If the Acquisitions are not completed, or if there are significant delays in completing the Acquisitions, our future business and financial results and the trading price of our common units could be negatively affected, including as a result of the following:
| · | we may be liable for damages under the terms of the Contribution Agreement or the Waycross Purchase Agreement; |
| · | there may be negative reactions from the financial markets in the event that the price of our common units reflected a market assumption that the Acquisitions would be completed; and |
| · | the attention of management will have been diverted to the Acquisitions rather than our own operations and the pursuit of other opportunities that could have been beneficial to our business. |
There is no assurance that the Greenwood plant will be able to expand its production capacity to 600,000 MTPY or operate consistently at that level in the future.

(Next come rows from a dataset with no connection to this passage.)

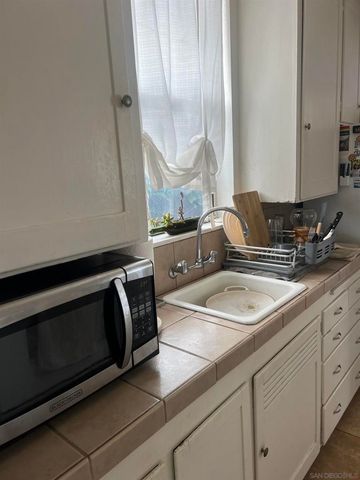 2136 Reed St, San Diego, CA 92109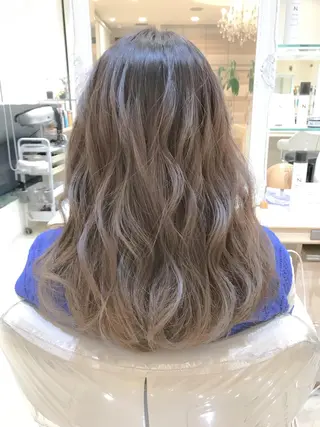 セミロング カラー 内田 敦士のヘアスタイル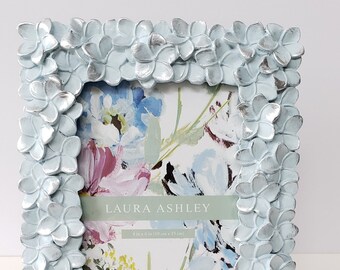 RARE New Laura Ashley Round Flower Petal Motif Metal Photo Frame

At the time of the acquisition of the Greenwood plant by a joint venture between DevCo and a third party (the “Sponsor JV”) in February 2018, the Greenwood plant had not fully completed construction and had only reached an equivalent run-rate of 180,000 MTPY. The Sponsor JV invested significant capital into the Greenwood plant to bring it out of curtailment and improve its operational performance. By 2019, the Greenwood plant produced approximately 380,000 metric tons, but did not reach its nameplate capacity due to downtime. As a result of the significant amounts of capital expended by the members of the Sponsor JV to address the uptime, efficiency, production and production capacity, and other operational issues at the Greenwood plant since February 2018, the Greenwood plant has demonstrated production levels consistent with its nameplate capacity and we expect the Greenwood plant to do so going forward.

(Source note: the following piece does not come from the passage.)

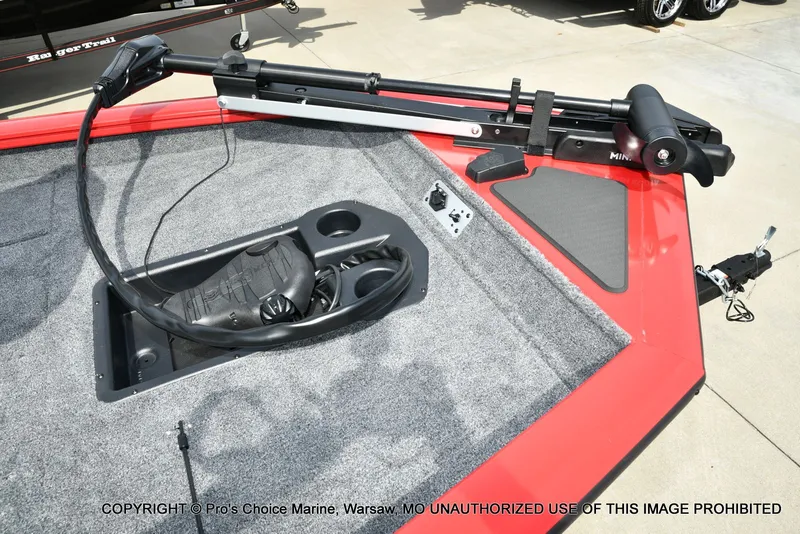 Slide: The Image of Tracker Pro Team 175 2026 - 27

In addition, we expect to fund approximately $28 million in incremental capital expenditures to further improve the Greenwood plant’s operational efficiency and add additional equipment to increase the plant’s production capacity to 600,000 MTPY by the end of 2021. There are several risks and contingencies associated with the successful capacity expansion of the Greenwood plant, including a failure to obtain requisite permits or equipment, on a timely basis or at all, as well as the risk of construction or integration delays or operating difficulties; consequently, there is no assurance that the Greenwood plant will meet our expected production and production capacity expectations in a timely manner. Moreover, although the Sponsor has agreed to provide cash flow support in connection with the Greenwood plant expansion (including fixed cash flow support through 2021 and contingent support during 2022 should production fail to meet Greenwood’s expected monthly production), we may be required to make additional unanticipated capital expenditures in connection therewith that are not reimbursable by our Sponsor, and we may be unable to finance such capital expenditures on acceptable terms or at all.
To the extent we are not successful in the capacity expansion activities we undertake in connection with the Greenwood plant or are not able to meet our production goals, it could have an adverse effect on our results of operations, business, and financial position and our ability to pay distributions to our unitholders.
If the Acquisitions are consummated, we may be unable to realize the anticipated cost savings, revenues, or other benefits.
Our ability to realize the anticipated cost savings, revenues, and other benefits of the Greenwood Drop-Down and the Waycross Acquisition is dependent upon many different factors, such as our ability to procure new customer and shipping contracts as our existing contracts expire, maintain suitable access to wood fiber and transportation on a timely and cost-effective basis, and expand and operate the Greenwood plant and operate the Waycross plant efficiently and in line with our expectations. If the cost to operate and maintain the Greenwood plant or the Waycross plant is higher than anticipated or the production volumes from such plants is lower than anticipated, we may not be able to generate the cash flows that we had projected prior to entering into the Contribution Agreement and the Waycross Purchase Agreement, respectively. In order for the Acquisitions to meet our expected performance goals, the plants’ production volumes and costs must meet our current projections, which, in the case of the Greenwood Drop-Down, are dependent upon our ability to successfully complete the planned capacity expansion on time and meet our production targets.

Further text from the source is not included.